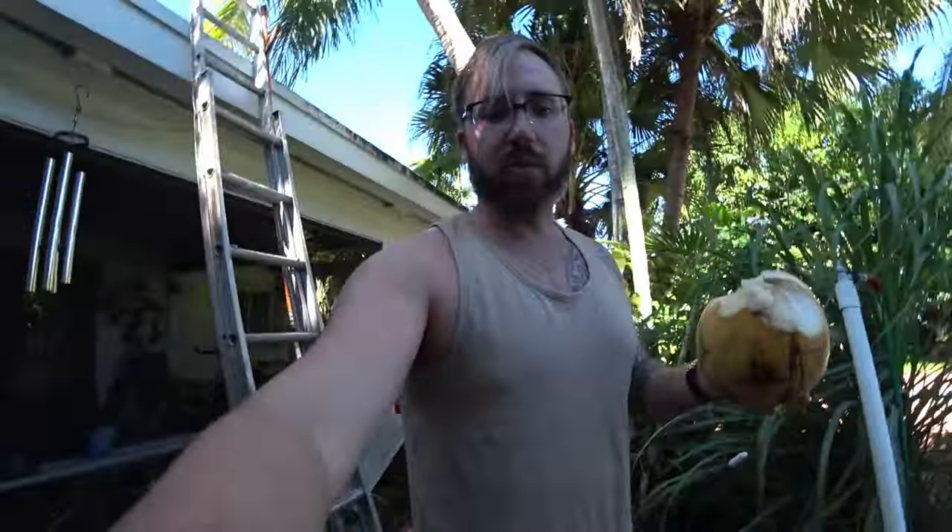Let's go pour it in a glass. I love coconut juice — coconut water.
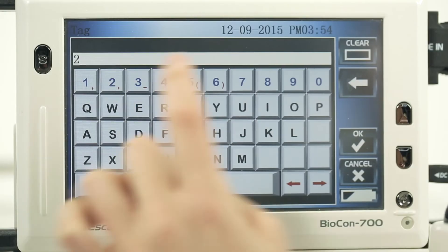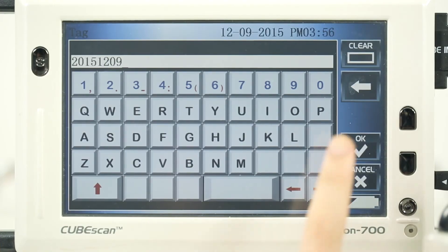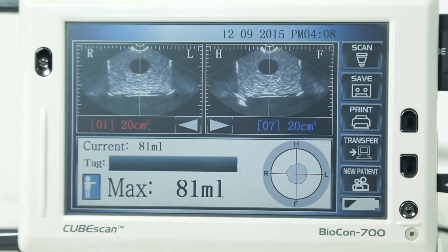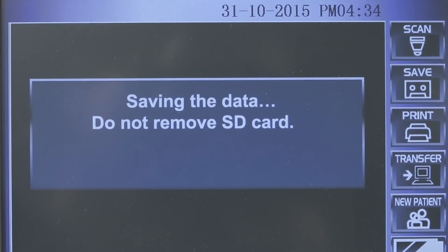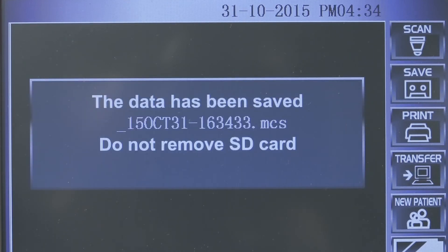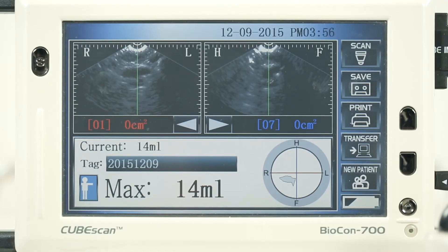Touch the ID tag as shown in the images. When finished entering the ID, press the OK icon. Touch the save or print icon to save or print out the result. There are record, play, and OK icons. The measurement will be completed after saving the data.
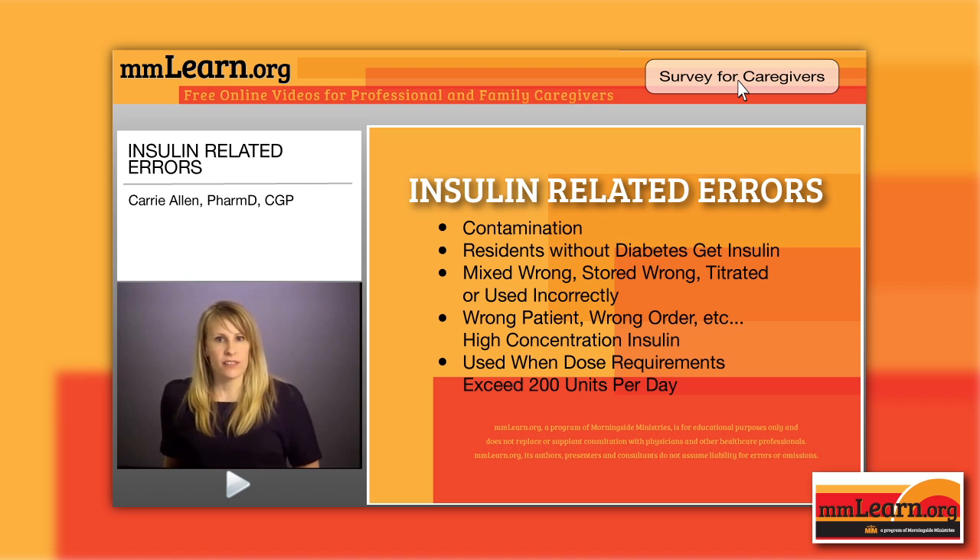The wrong patient sometimes gets insulin, which is terrible. There's also the issue of the wrong order — maybe the order got changed. If you work in a long-term care or assisted living facility where medication technicians are giving these medications, they're working under your license. If you forgot to change the order or were aware it changed but didn't communicate it, people can get the wrong dose. The order may also be written incorrectly, or there may be a wrong indication for use.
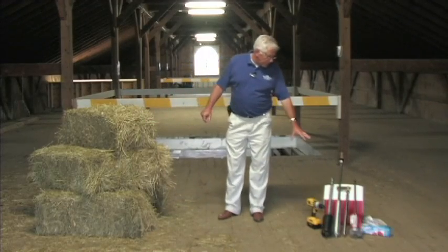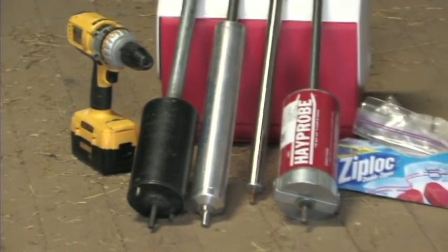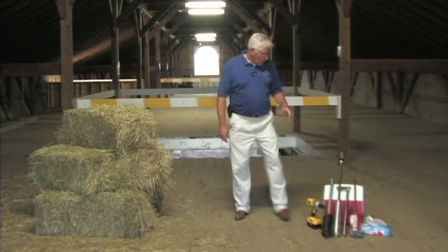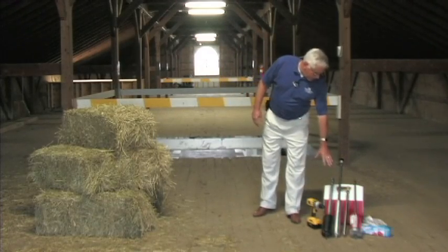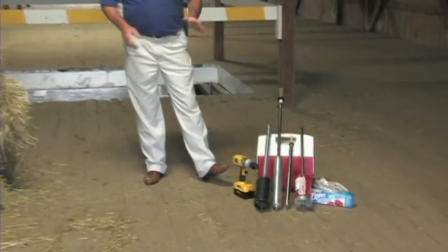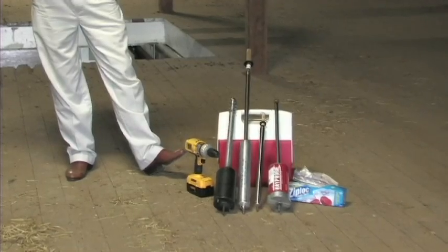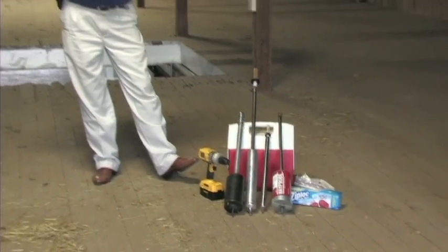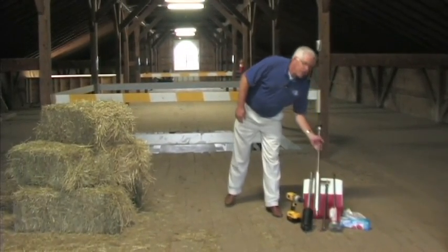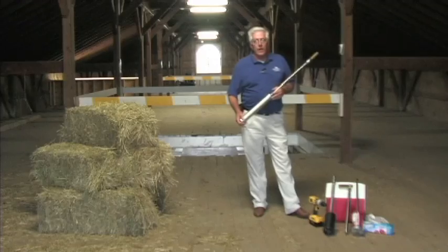You'll see here with me today I've got several different types of probes. You can purchase them online or at most any ag feed store. We have the Yankton hay probe, the Colorado State, the Penn State, and the HMS. Any of these probes will do a good job when sampling hay — it's really a matter of personal preference. We're going to demonstrate the Colorado State probe today, but any of these probes will do a good job in testing your hay.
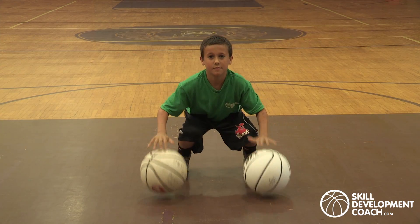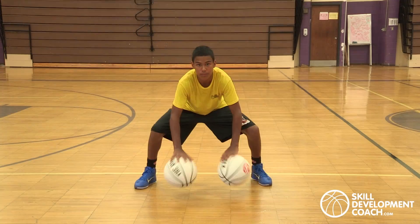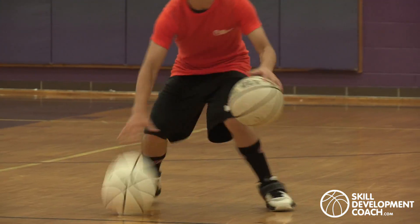Two ball skills are very effective for developing control and coordination with the ball. Often practicing with two balls will make it much easier to handle one.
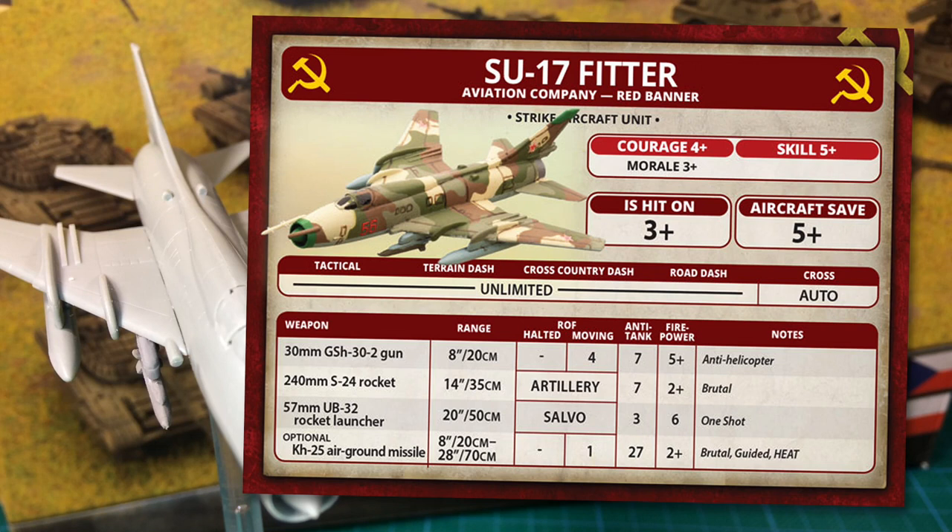The Su-17 has an optional weapon that costs extra points: the KH-25 air-to-ground missile, with a 28-inch (70cm) range and a minimum range of 8 inches (20cm). Rate of fire is only 1, but it has a stonking anti-tank of 27 and 2+ firepower — this will defeat most armour and likely kill on penetration. The missile gets the brutal, guided, and heat special rules. Guided means no to-hit penalty firing over 16 inches (40cm) range, and heat means the target doesn't get an armour protection increase at that range either.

######

**Exercise**
Retype all the material word for word while skipping any picture it contains.

**Answer to the exercise**
Let's go pour it in a glass. I love coconut juice — coconut water.
Touch the ID tag as shown in the images. When finished entering the ID, press the OK icon. Touch the save or print icon to save or print out the result. There are record, play, and OK icons. The measurement will be completed after saving the data.
The wrong patient sometimes gets insulin, which is terrible. There's also the issue of the wrong order — maybe the order got changed. If you work in a long-term care or assisted living facility where medication technicians are giving these medications, they're working under your license. If you forgot to change the order or were aware it changed but didn't communicate it, people can get the wrong dose. The order may also be written incorrectly, or there may be a wrong indication for use.
You'll see here with me today I've got several different types of probes. You can purchase them online or at most any ag feed store. We have the Yankton hay probe, the Colorado State, the Penn State, and the HMS. Any of these probes will do a good job when sampling hay — it's really a matter of personal preference. We're going to demonstrate the Colorado State probe today, but any of these probes will do a good job in testing your hay.
Two ball skills are very effective for developing control and coordination with the ball. Often practicing with two balls will make it much easier to handle one.
The Su-17 has an optional weapon that costs extra points: the KH-25 air-to-ground missile, with a 28-inch (70cm) range and a minimum range of 8 inches (20cm). Rate of fire is only 1, but it has a stonking anti-tank of 27 and 2+ firepower — this will defeat most armour and likely kill on penetration. The missile gets the brutal, guided, and heat special rules. Guided means no to-hit penalty firing over 16 inches (40cm) range, and heat means the target doesn't get an armour protection increase at that range either.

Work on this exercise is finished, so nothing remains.